Blocked or Broken? Automatically Detecting When Privacy Interventions Break Websites
Michael Smith (University of California, San Diego), Peter Snyder (Brave Software), Moritz Haller (Brave Software), Benjamin Livshits (Brave Software, Imperial College of London), Deian Stefan (University of California, San Diego), Hamed Haddadi (Brave Software, Imperial College of London) | Privacy
A core problem in the development and maintenance of crowdsourced filter lists is that their maintainers cannot confidently predict whether (and where) a new filter list rule will break websites. The enormity of the Web prevents filter list authors from broadly understanding the compatibility impact of a new blocking rule before shipping it to millions of users. This severely limits the benefits of filter-list-based content blocking: filter lists are both overly conservative (i.e. rules are tailored narrowly to reduce the risk of breaking things) and error-prone (i.e. blocking tools still break large numbers of sites). To scale to the size and scope of the Web, filter list authors need something better than the current status quo of user reports and manual review, to stop breakage before it has a chance to make it to end users.

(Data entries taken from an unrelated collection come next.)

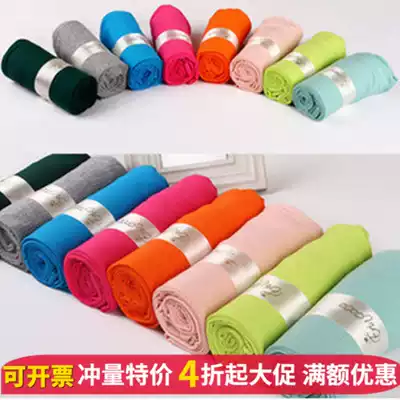 Korean version plus size modal pants slim slim small feet ankle-length pants thin leggings Capri pants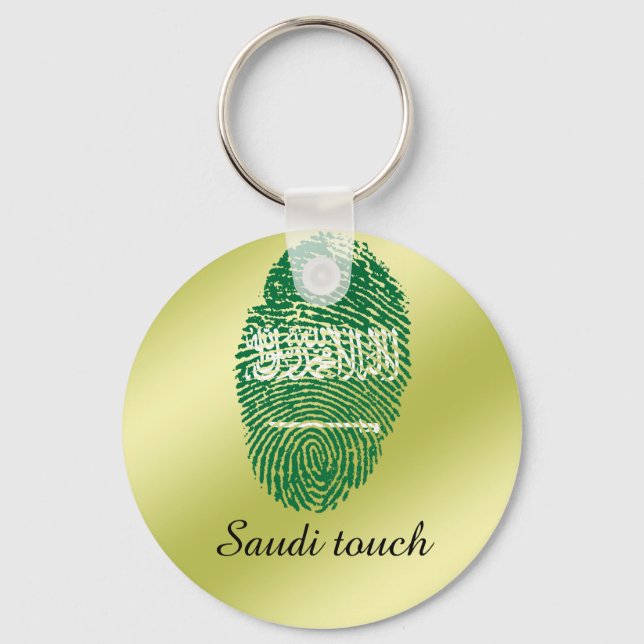 Saudi touch fingerprint keychain (Front)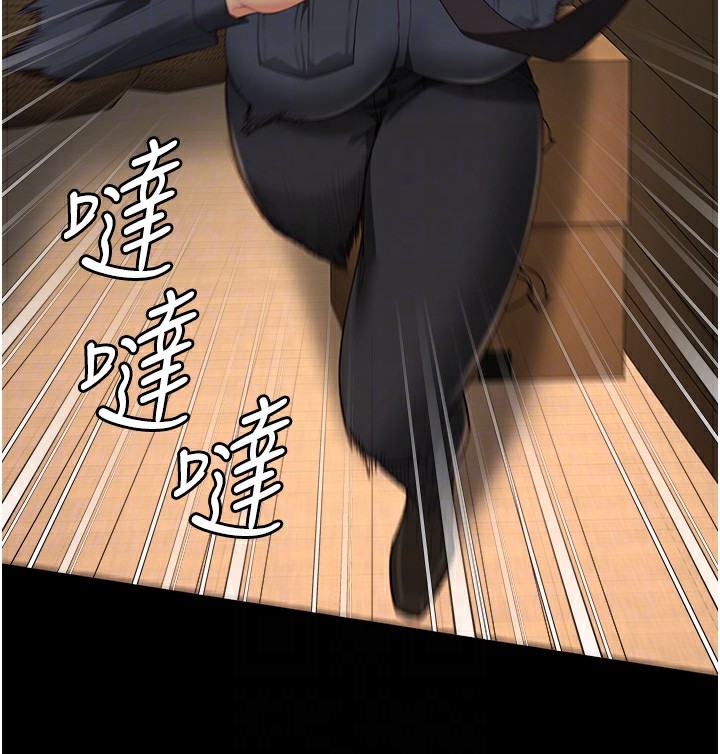 118P - 监狱女囚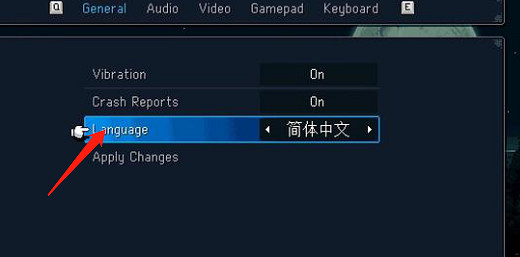《星之海》語言設定方法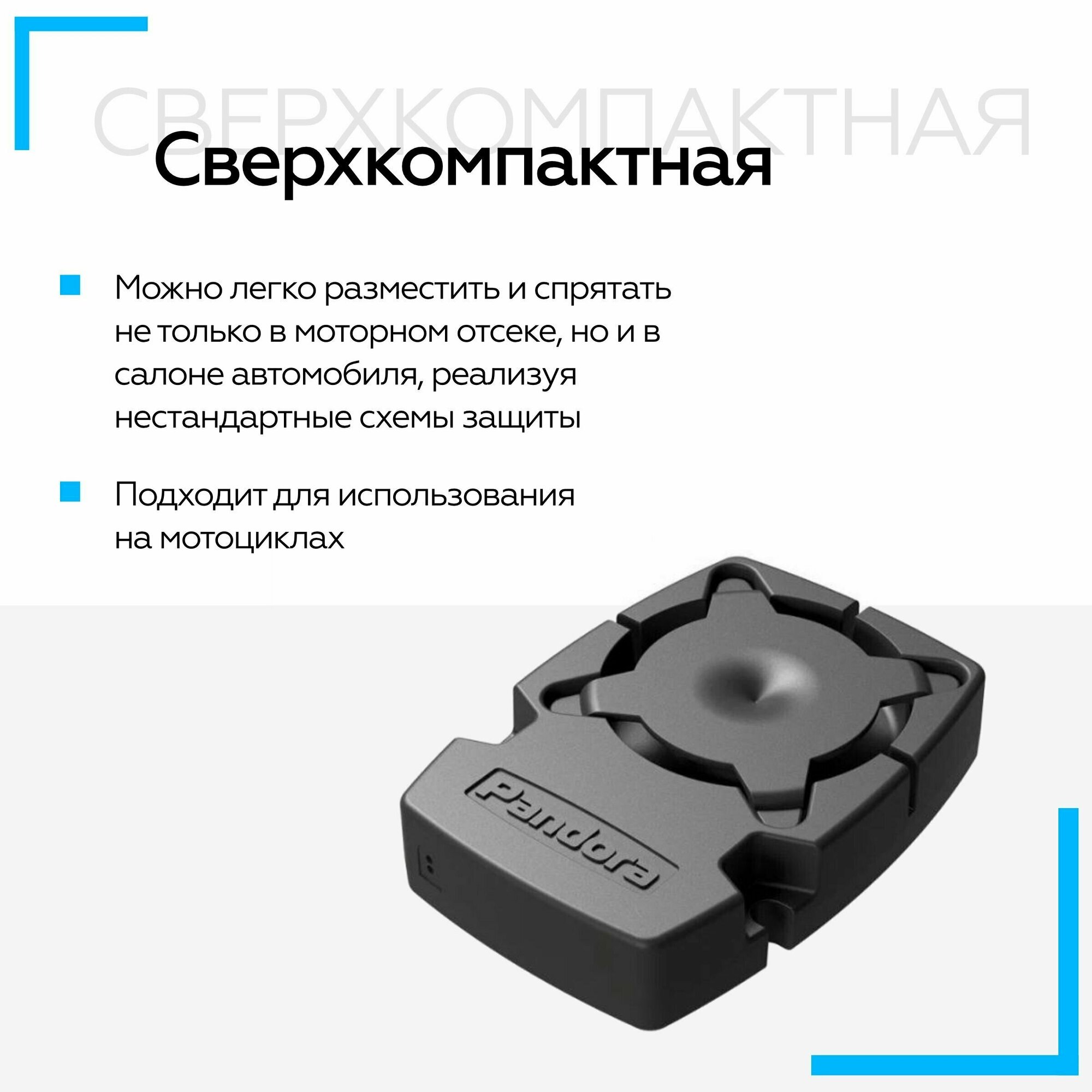 Сирена автосигнализации Pandora PS-330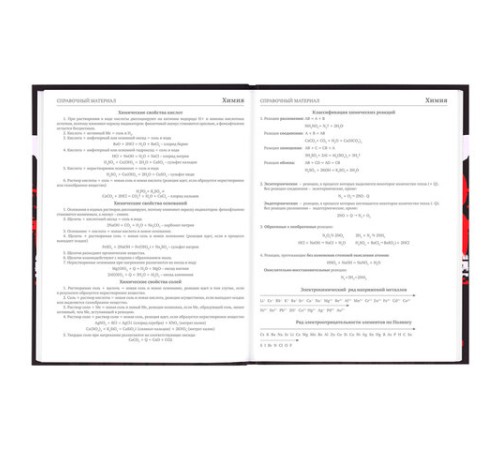 Дневник 5-11 класс 48 л., твердый, BRAUBERG, выборочный лак, с подсказом,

In this work, we design and implement the first auto- mated system for predicting when a filter list rule breaks a website. We build a classifier, trained on a dataset generated by a combination of compatibility data extracted from the EasyList filter project and novel browser instrumentation, and find that our classifier is accurate to practical levels (AUC 0.88). Our open-source system requires no human interaction when assessing the compatibility risk of a proposed privacy intervention. We also present the 40 page behaviors that most predict breakage in observed websites.